He felt it in the way she smiled on him, and in the readiness and competence with which, flung unexpectedly into his presence, she took up the thread of their intercourse as though that thread had not been snapped with a violence from which he still reeled. Such facility sickened him--but he told himself that it was with the pang which precedes recovery. Now he would really get well--would eject the last drop of poison from his blood. Already he felt himself calmer in her presence than he had learned to be in the thought of her. Her assumptions and elisions, her short-cuts and long detours, the skill with which she contrived to meet him at a point from which no inconvenient glimpses of the past were visible, suggested what opportunities she had had for practising such arts since their last meeting. He felt that she had at last arrived at an understanding with herself: had made a pact with her rebellious impulses, and achieved a uniform system of self-government, under which all vagrant tendencies were either held captive or forced into the service of the state.

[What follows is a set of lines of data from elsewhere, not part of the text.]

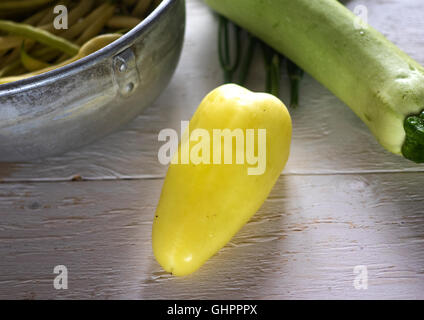 French bean in a colander, zucchini, bell pepper and dill on a white painted wooden surface Stock Photo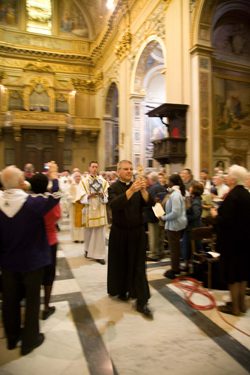 Br Paul Bednarczyk carries in a relic of St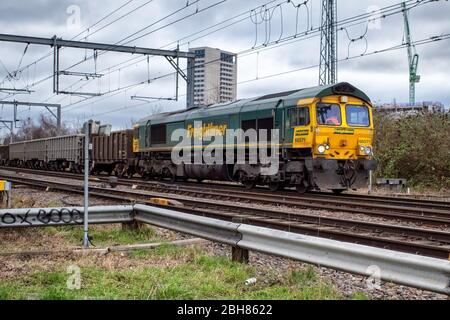 Freightliner Class 66 Diesel Locomotive 66571 pulling wagons on the section of track between Camden Road and Caledonian Road in London, England Stock Photo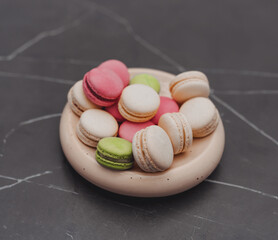 A plate of sweet macaroons on a dark table in the kitchen.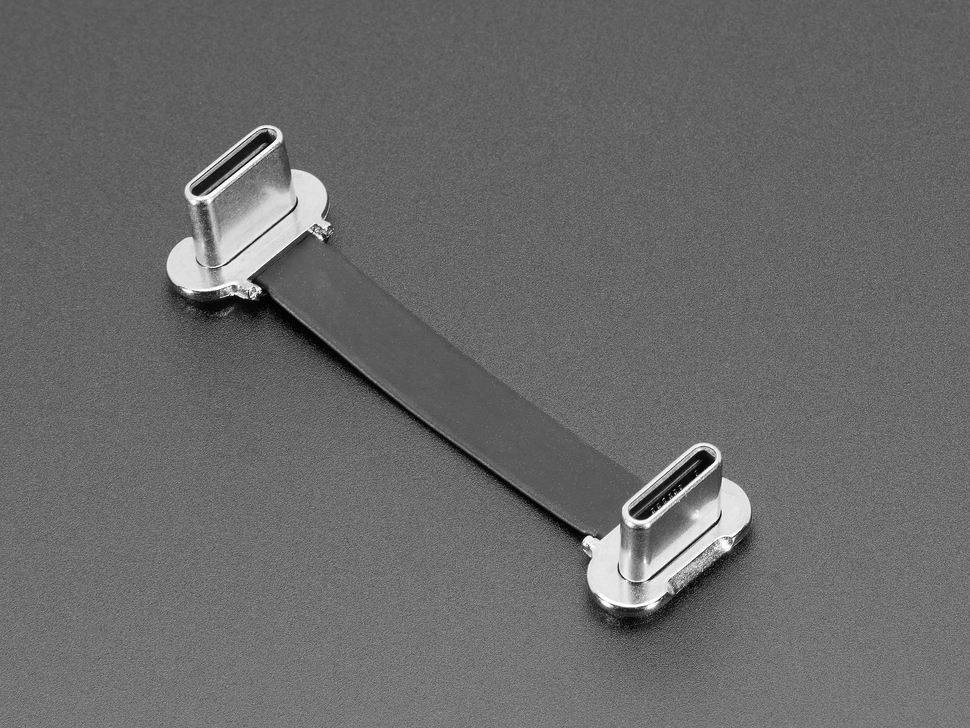 Angled shot of a small, slim, 40mm long right angle USB C to USB C cable.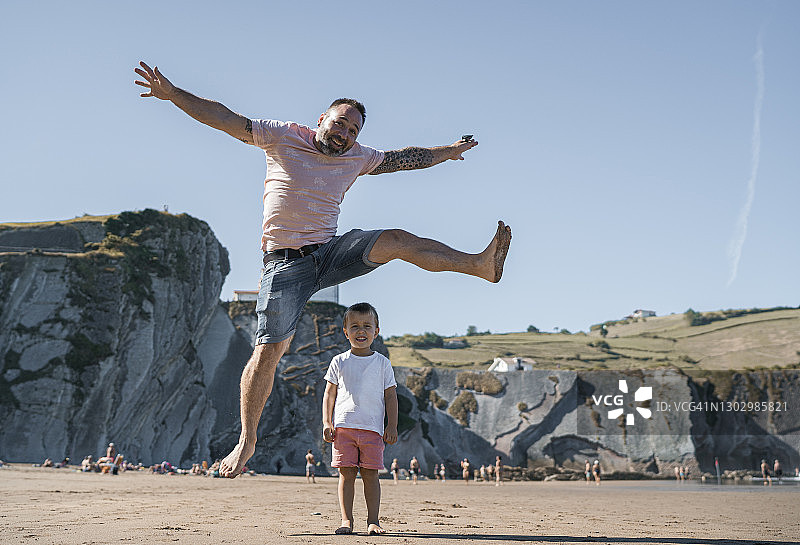 快乐的父亲在海滩上跳过儿子图片素材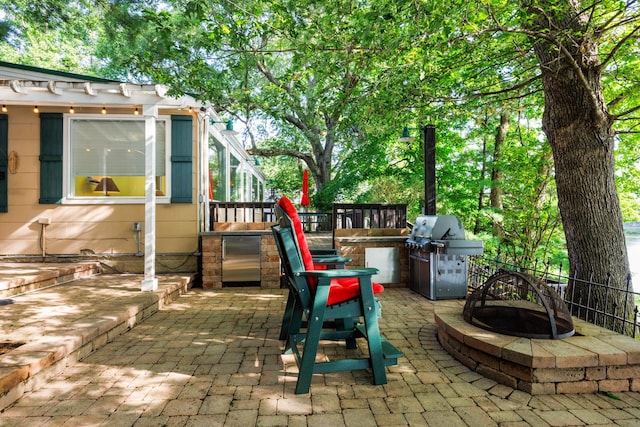 24503 Iroquois Ln, Hudson, IL 61748 - view of patio featuring a fire pit and area for grilling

And he saw other things too in her manner: saw how it had adjusted itself to the hidden intricacies of a situation in which, even after Mrs. Fisher's elucidating flashes, he still felt himself agrope. Surely Mrs. Fisher could no longer charge Miss Bart with neglecting her opportunities! To Selden's exasperated observation she was only too completely alive to them. She was "perfect" to every one: subservient to Bertha's anxious predominance, good-naturedly watchful of Dorset's moods, brightly companionable to Silverton and Dacey, the latter of whom met her on an evident footing of old admiration, while young Silverton, portentously self-absorbed, seemed conscious of her only as of something vaguely obstructive. And suddenly, as Selden noted the fine shades of manner by which she harmonized herself with her surroundings, it flashed on him that, to need such adroit handling, the situation must indeed be desperate. She was on the edge of something--that was the impression left with him. He seemed to see her poised on the brink of a chasm, with one graceful foot advanced to assert her unconsciousness that the ground was failing her.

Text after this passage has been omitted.